The Madison Ultimate Frisbee Association (MUFA) is one of the largest recreational ultimate leagues in the country. They run leagues in the Fall, Spring, and Summer, with the Summer league being the biggest by far. The games proceed in a Swiss style. With each team ranking themselves in the beginning of the year and then playing teams with similar rankings. My experience is that how well you do throughout the year depends a lot on where you rank yourself in the beginning.
I wanted to see if this experience is borne out by the data. I grabbed data about the Summer leagues over the last few years from their registration website.
Hundreds of teams play throughout the Summer in a Swiss tournament. In the beginning of the summer teams rank themselves from 1 through 10. This number is then used to choose who plays each other throughout the summer. Below we can see the distribution of self ratings for the two summer leagues for 2015 through 2017. In each year there is a Monday and Wednesday league which has only the intermediate and rec teams, along with a Tuesday and Thursday league which also has an advanced league.
The median self-ranking hovers around 4 each year with larger tails at the lower ranking and a remarkably flat distribution over the higher rankings.
Self Ratings vs. Performance Ratings
The self ratings get turned into a performance rating. This performance rating changes throughout the summer based on wins and loses. We can see a fairly tight correlation between initial self-rating and final performance rating for many years. That said, there appears to be quite a bit of scatter, which is larger in the Monday and Wednesday leagues.
Self Ratings and Points
Now lets look at how points the teams earn as a function of self rating. I computed points by using the formula for soccer: 3 points for a win, 1 point for a tie, and 0 points for a loss. Teams with many more points than average are winning more, and were likely under-ranked in the beginning of the year. It is nice to see that there is no clear trend here. Teams at every self-ranking are winning and losing different numbers of games. To me, this shows that there is not a systematic over or under ranking.
Performance Ratings and Points
Lets look at points again, but this time by performance rating. There is a slightly higher correlation here, and indeed you can see that the teams with the most points typically have the highest performance rating, and the teams with the fewest points have the lowest performance rating. Most of this can be explained by the fact that the performance ratings are being driven by the wins and loses.
Change in performance rating over one season
How much do most teams change in one season? To test this question, I grabbed data several times during the 2017 Summer season. First let's look at the change in performance rating from the beginning of the year to the end of the year. The mean change looks near zero, and the measured mean is not far off that. The average team gains about 29 rating points in one season. The trend is also mostly flat, with only a very weak (-0.28) negative correlation.
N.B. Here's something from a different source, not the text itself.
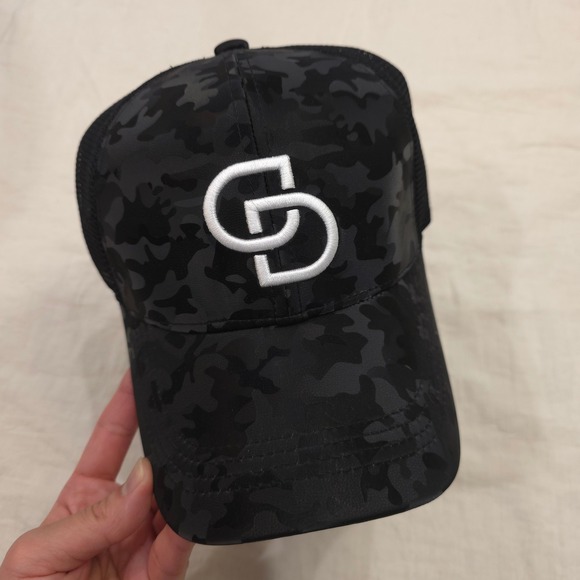 Carolinedustin Camo Trucker Cap Mesh Black White Bundle (2) - Picture 3 of 8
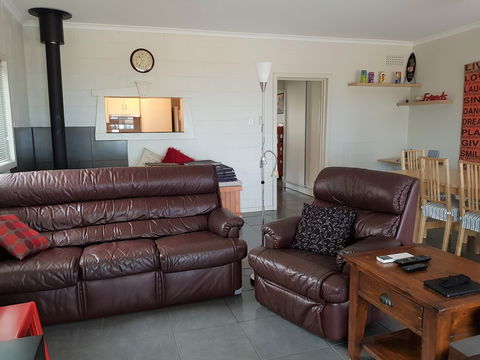 Sunset Sippers - Accommodation Gladstone 9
Single teams over one season
I also examined how individual teams change over the course of one year. Below I show the points and performance rating for three teams with very different behaviors. Teams like "Octicorns" started losing their early games, then won many games in a row. This corresponds to the spike in their performance rating in the middle of the season. They leveled off and didn't win another game, causing their performance rating to plummet toward their final value. Teams like "Best of the Best" remained mostly winless until late in the season when they finally found a few wins and increased their performance rating. Teams like "Untitled" won consistently throughout the year, but did so at their expected performance rating, staying mostly flat the entire year.